Ingin Pakai PPh Final UMKM, DJP Jelaskan Cara Hitung Omzetnya
Pemerintah melalui PP 20/2026 memperkenalkan perubahan penting dalam penentuan wajib pajak yang berhak memanfaatkan PPh final UMKM sebesar 0,5%. Jika sebelumnya omzet setiap entitas dihitung secara terpisah, kini penghitungan dilakukan secara agregat.
Ketentuan tersebut berlaku bagi wajib pajak orang pribadi dan perseroan perorangan yang didirikan oleh wajib pajak orang pribadi yang bersangkutan. Seluruh peredaran bruto yang diperoleh dari kedua entitas tersebut harus digabungkan untuk menentukan apakah batas omzet Rp4,8 miliar dalam satu tahun pajak masih terpenuhi.
Dengan demikian, hak untuk menggunakan PPh final UMKM tidak lagi ditentukan berdasarkan omzet masing-masing entitas secara sendiri-sendiri, melainkan berdasarkan total omzet yang dimiliki oleh wajib pajak beserta perseroan perorangannya.

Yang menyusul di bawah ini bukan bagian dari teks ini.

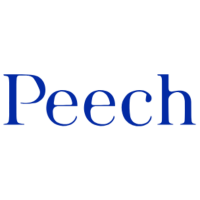 Peech ApS - logo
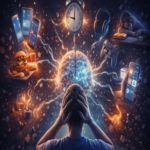 Especialistas alertan: Estos siete hábitos están deteriorando tu memoria de forma inadvertida.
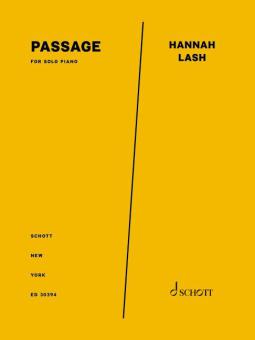 Passage Standard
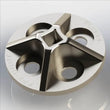 Load image into Gallery viewer, Fleece Performance 89-07 Dodge 5.9L / 07.5-12 6.7L Cummins Crankshaft Barring Tool - Main Product View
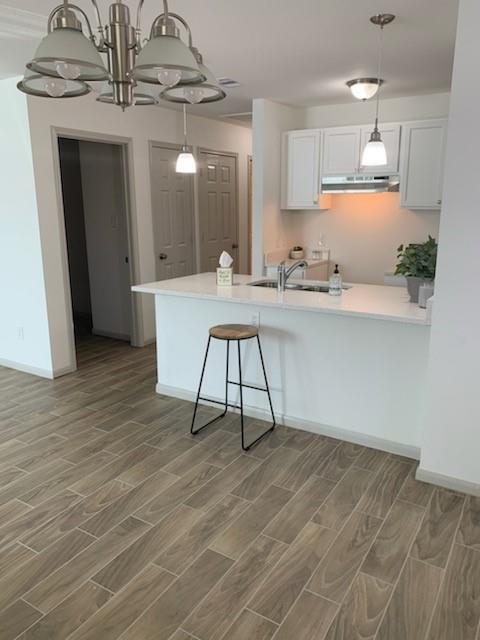 Foto del edificio - 4533 Rosemont St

Omzet Orang Pribadi dan PT Perorangan Harus Digabung
Berdasarkan ketentuan baru, seluruh penghasilan yang berasal dari kegiatan usaha maupun pekerjaan bebas milik wajib pajak orang pribadi harus dijumlahkan dengan omzet yang diperoleh perseroan perorangan yang didirikannya.
Apabila total omzet gabungan tersebut tidak melebihi Rp4,8 miliar dalam satu tahun pajak, wajib pajak masih dapat memanfaatkan tarif PPh final UMKM sebesar 0,5%.
Sebaliknya, apabila omzet secara agregat telah melampaui batas Rp4,8 miliar, maka wajib pajak tidak lagi memenuhi persyaratan untuk menggunakan skema PPh final UMKM dan harus menggunakan mekanisme penghitungan pajak berdasarkan ketentuan umum.
Cakupan Peredaran Bruto Semakin Luas
PP 20/2026 juga memperluas komponen peredaran bruto yang diperhitungkan dalam menentukan batas omzet Rp4,8 miliar.
Penghitungan peredaran bruto kini mencakup:
1.Penghasilan dari kegiatan usaha.
2.Penghasilan dari pekerjaan bebas.
3.Penghasilan yang dikenai PPh final.
4.Penghasilan yang dikenai PPh nonfinal.
5.Penghasilan dari usaha atau pekerjaan bebas yang berasal dari luar negeri.
Perluasan cakupan ini bertujuan agar penghitungan omzet mencerminkan kemampuan ekonomi wajib pajak secara menyeluruh sehingga pemanfaatan fasilitas PPh final UMKM dapat lebih tepat sasaran.
Penggabungan Omzet Suami dan Istri
Perubahan penting lainnya adalah pengaturan mengenai wajib pajak suami dan istri yang melakukan pemisahan harta dan penghasilan atau menjalankan hak dan kewajiban perpajakan secara terpisah.
Berdasarkan Pasal 58 PP 20/2026, besarnya peredaran bruto ditentukan berdasarkan penggabungan omzet suami dan istri. Ketentuan ini berlaku bagi:
Suami istri yang memiliki perjanjian pemisahan harta dan penghasilan.
Istri yang memilih melaksanakan hak dan kewajiban perpajakannya sendiri.
Selain penggabungan omzet suami dan istri, peredaran bruto dari seluruh perseroan perorangan yang didirikan oleh suami maupun istri juga harus diperhitungkan.
Dengan demikian, meskipun secara administrasi perpajakan suami dan istri memiliki kewajiban yang terpisah, penentuan batas omzet Rp4,8 miliar tetap dilakukan secara gabungan.
Perbedaan Ketentuan Sebelum dan Sesudah PP 20/2026
Sebelum berlakunya PP 20/2026, penghitungan omzet dilakukan secara terpisah antara wajib pajak orang pribadi dan perseroan perorangan. Masing-masing entitas memiliki batas omzet sendiri untuk menentukan kelayakan penggunaan PPh final UMKM.
Setelah PP 20/2026 berlaku, seluruh omzet yang memiliki hubungan kepemilikan dan pengendalian wajib digabungkan. Pendekatan ini bertujuan mencegah pemecahan usaha ke dalam beberapa entitas hanya untuk mempertahankan fasilitas PPh final UMKM.